Resource leak in airbyte-worker

  • Is this your first time deploying Airbyte?: No
  • OS Version / Instance: Amazon Linux 2
  • Memory / Disk: 32 GB RAM
  • Deployment: k8s
  • Airbyte Version: 0.39.35
  • Source name/version: many
  • Destination name/version: redshift
  • Step: Sync

About once a month, our Airbyte deployment gets completely hosed - jobs start experiencing errors launching new pods and syncs can’t run anymore…until airbyte-worker is restarted. Looking at airbyte-worker while it was in this state today, we noticed two interesting things:

  1. It was using a large amount of RAM - upwards of 8 GB
  2. The main java process for airbyte-worker had 29821 running threads!

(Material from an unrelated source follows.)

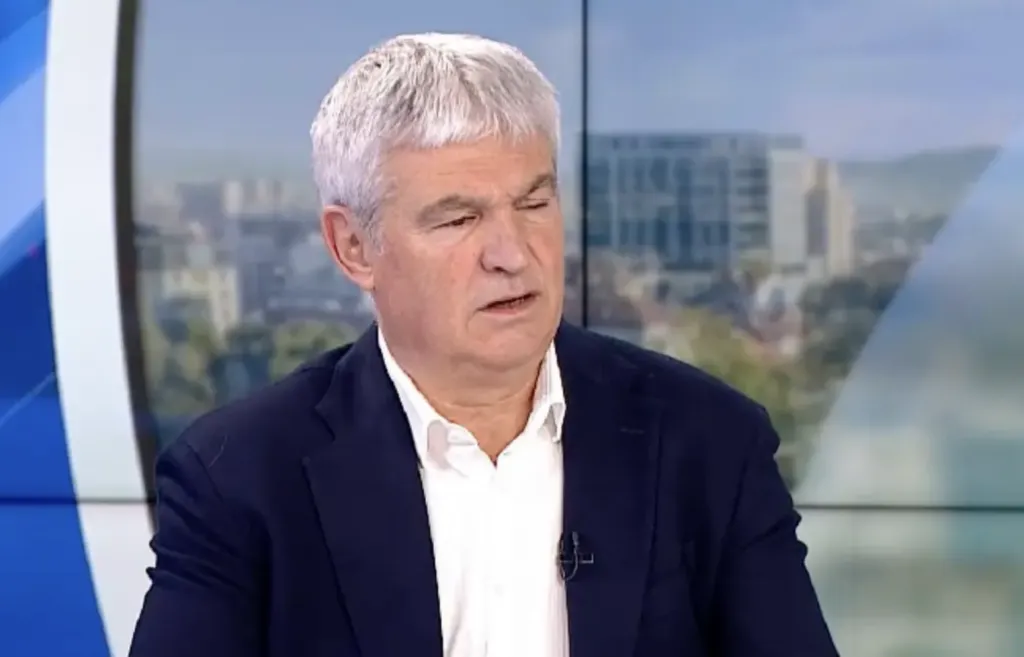Пламен Димитров: „Кошница с грижа“ е временна мярка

When this occurs, new jobs are not able to spawn the threads they need in airbyte-worker:

022-08-18 06:00:56 source > [0.017s][warning][os,thread] Failed to start thread - pthread_create failed (EAGAIN) for attributes: stacksize: 1024k, guardsize: 0k, detached.
2022-08-18 06:00:56 source > Error occurred during initialization of VM
2022-08-18 06:00:56 source > java.lang.OutOfMemoryError: unable to create native thread: possibly out of memory or process/resource limits reached

The overall VM has plenty of resources available, and k8s is not killing the container due to reaching limits.

After restarting airbyte-worker, it’s happily running using approximately 40 threads.

I haven’t noticed any similar issue reports (might have missed them though!) or recent changes that may address this. Has anyone else experienced something similar? Any suggestions for things to try or gather next time this occurs (or changes to make before then!)? We’ve seen this happen 3 times now in our production cluster, across multiple airbyte versions.

My summary has an error: our VM has 64 GB of RAM total, not 32.

Thanks for the investigation @adam I asked the team some investigation about what is the resource expected for worker and server.

Hi @marcosmarxm,

Just to be clear, resource utilization is only part of the problem. The other problem is that airbyte-worker stops running after a number of weeks, until it is restarted. (The resource issue of course appears to be related to that.) Is that something you’re seeing in cloud, or hearing about from other users? We’ve thought about adding actual k8s limits to airbyte-worker, but are concerned that hitting those limits would result in data loss of any in progress syncs during the worker restart.

I’ve tracked this down to a problem in the S3 file writing for logs - the threads are blocking on a lock that isn’t being released, and very few logs are actually making it to S3. Almost all of our threads are from the log4j2 appender for S3. Looks like we have verbose mode enabled for the appender in log4j2.xml, so I’ll see if I can find anything interesting in the local container logs.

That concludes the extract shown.